In spite of being born and raised in America, I haven’t lived there in a decade. 

Over these last ten years, there have been many things I have loved about living overseas.  My eight years in Okinawa were amazing and I would go back there is a heartbeat.  I’m fairly certain there is a part of my soul that now firmly belongs to the island.  Falling in love with Belgium has been shockingly quick.  It’s as though I was grieving for the loss of my overseas love and pushed myself to fall in love again right away.  But this isn’t just a rebound country; the kindness of the people, the unique character of the country has helped to build a solid foundation of love here.

While I have found so much to love about living overseas, there are times I miss being home in the USA.  There are just some things that you can’t find when you are away.


1) Family

The absolute worst thing about living in a foreign country is living away from family.  I might have picked up and left, but they stayed behind.  It can be years between visits, and due to the awkward time difference, months between phone calls.  At first I resisted Facebook, thinking it to be a trendy thing that would pass.  As soon as I realized how easy it would be to stay in touch with people this way, and know what was going on in their lives even when we couldn’t talk, I was converted.  I honestly would have to say that social media saved my sanity while living overseas by putting me back in touch with my family.


2) Holidays

Independence day has just passed for the USA, and I did nothing.  Well, not nothing.  My husband joined up with the Air Force, and we moved all over the place.  But you know.  No barbeque, no fireworks; none of the traditional celebrations.  Why?  Because the closest place to celebrate that way for us was at least an hour drive and no one wanted to make the trip, dodge the traffic, fight large crowds, and get back superiorly late at night.  The hassle of not having a celebration close by means we must make a choice.  Either we celebrate the traditional way, or we make it a low key holiday at home.  We’ve had quite a few low key holidays at home.

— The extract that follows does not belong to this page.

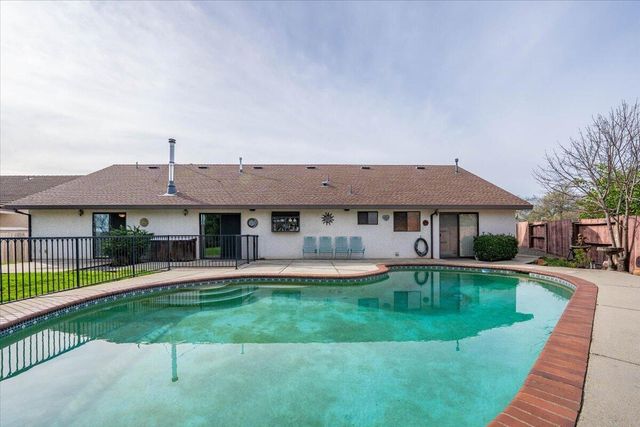 2860 Panorama Drive, Redding, CA 96003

Of course, when it comes time to travel to Germany for the Christmas markets, I am really happy to be overseas for the holidays.

3) Shopping

Of course there is shopping all around the world.  I’m not complaining about there being no where to shop.  The complaint is in the ease of shopping.  There are always going to be things I simply can’t get anywhere else.  Some of these things are from the USA, others are now things I wish I could buy from Okinawa, and I am sure when I leave here there will be things I deeply miss from Belgium.  The biggest challenge is the translation of ingredients in food.  I have a gluten intolerance, which means I have to read what is in my food carefully for my health.  Checking labels that are in another language is not an easy task when you do not speak the language.  Some are easily labeled, and some have multiple languages written on them.  Some are just me taking a chance as to whether or not it will work out.  It’s a risk, and it’s not always one I enjoy taking.

4) Fast Food

There are very few fast food restaurants here in Belgium, at least that I have seen.  In many ways, this is a great thing.  We can’t as easily just pick up dinner instead of cooking a healthy meal, meaning our healthy eating habits have improved since moving here.  However, when I am exhausted at the end of the day and just DO NOT want to cook, I hate that I still need to make something.  When we are on the road, or having an incredibly busy day, I hate that we can’t just pull over anywhere and have a quick bite before diving back in.  The lack of fast food restaurants is great for our health, but horrible for my convenience.

5) Family

I know, I already said family.  This one is hard enough it deserves to be said twice.  I’m fortunate enough to have an awesome set of siblings, and a mother who is AMAZING, as well as the coolest nieces and nephews.  Everyday I am apart from them is heartbreaking.  I know living in another country is a great opportunity for myself and my daughters, but I hate that the price is time with my family.


So now, I have to ask.  What is your favorite part about your home?